(ACTIVITY):
With the pictures omitted, write out all of the listing exactly.

(DATASET EXTRACT):
•••••

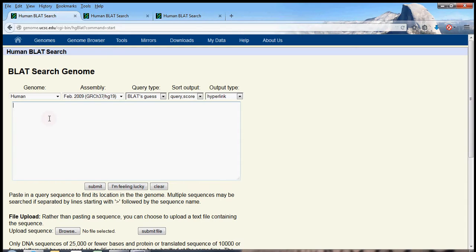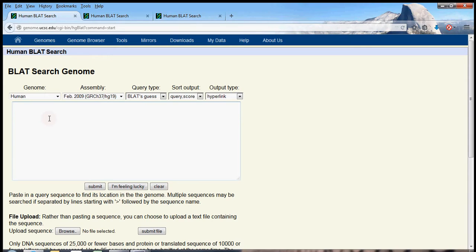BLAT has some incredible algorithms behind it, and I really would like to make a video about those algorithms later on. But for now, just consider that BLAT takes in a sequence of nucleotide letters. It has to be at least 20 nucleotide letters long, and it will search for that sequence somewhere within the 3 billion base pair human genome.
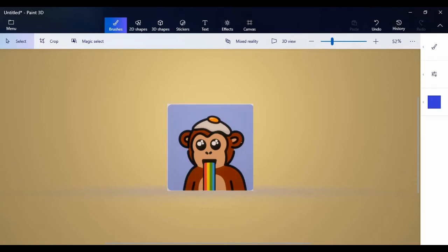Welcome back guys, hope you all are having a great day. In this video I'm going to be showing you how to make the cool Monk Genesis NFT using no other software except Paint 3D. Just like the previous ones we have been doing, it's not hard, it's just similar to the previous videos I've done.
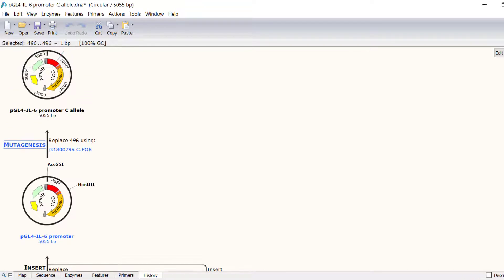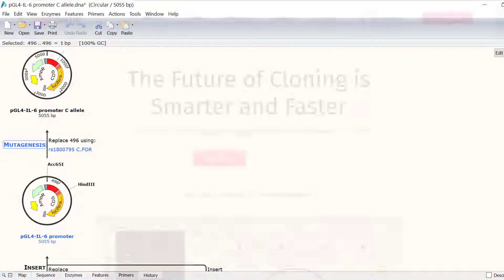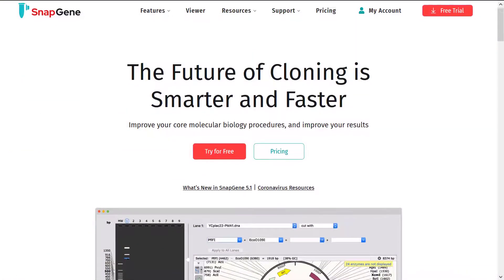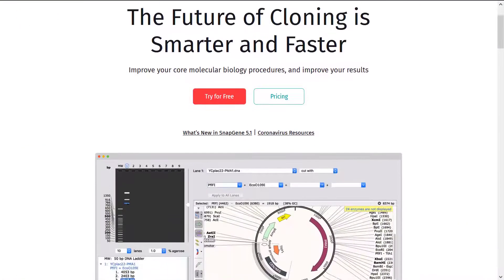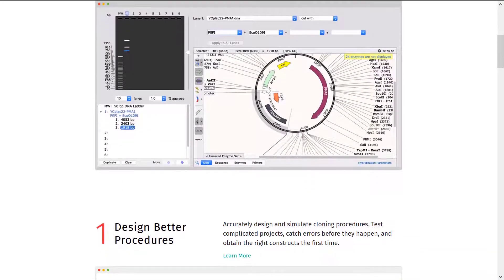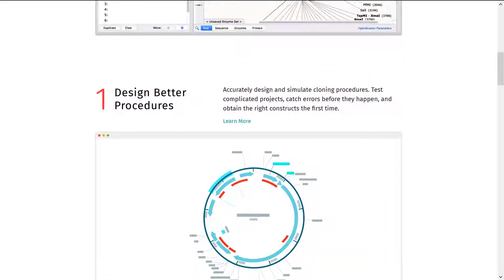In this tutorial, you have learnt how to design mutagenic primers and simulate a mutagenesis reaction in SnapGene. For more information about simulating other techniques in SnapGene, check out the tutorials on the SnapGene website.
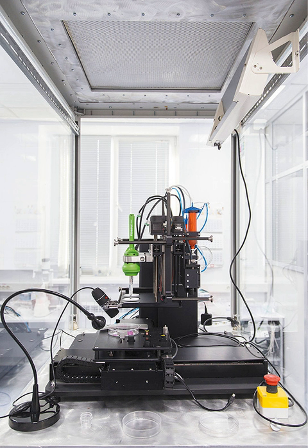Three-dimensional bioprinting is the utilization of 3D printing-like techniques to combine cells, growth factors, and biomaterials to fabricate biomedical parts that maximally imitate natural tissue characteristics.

•••••

(YOUR RESPONSE):
BLAT has some incredible algorithms behind it, and I really would like to make a video about those algorithms later on. But for now, just consider that BLAT takes in a sequence of nucleotide letters. It has to be at least 20 nucleotide letters long, and it will search for that sequence somewhere within the 3 billion base pair human genome.
Welcome back guys, hope you all are having a great day. In this video I'm going to be showing you how to make the cool Monk Genesis NFT using no other software except Paint 3D. Just like the previous ones we have been doing, it's not hard, it's just similar to the previous videos I've done.
In this tutorial, you have learnt how to design mutagenic primers and simulate a mutagenesis reaction in SnapGene. For more information about simulating other techniques in SnapGene, check out the tutorials on the SnapGene website.
Three-dimensional bioprinting is the utilization of 3D printing-like techniques to combine cells, growth factors, and biomaterials to fabricate biomedical parts that maximally imitate natural tissue characteristics.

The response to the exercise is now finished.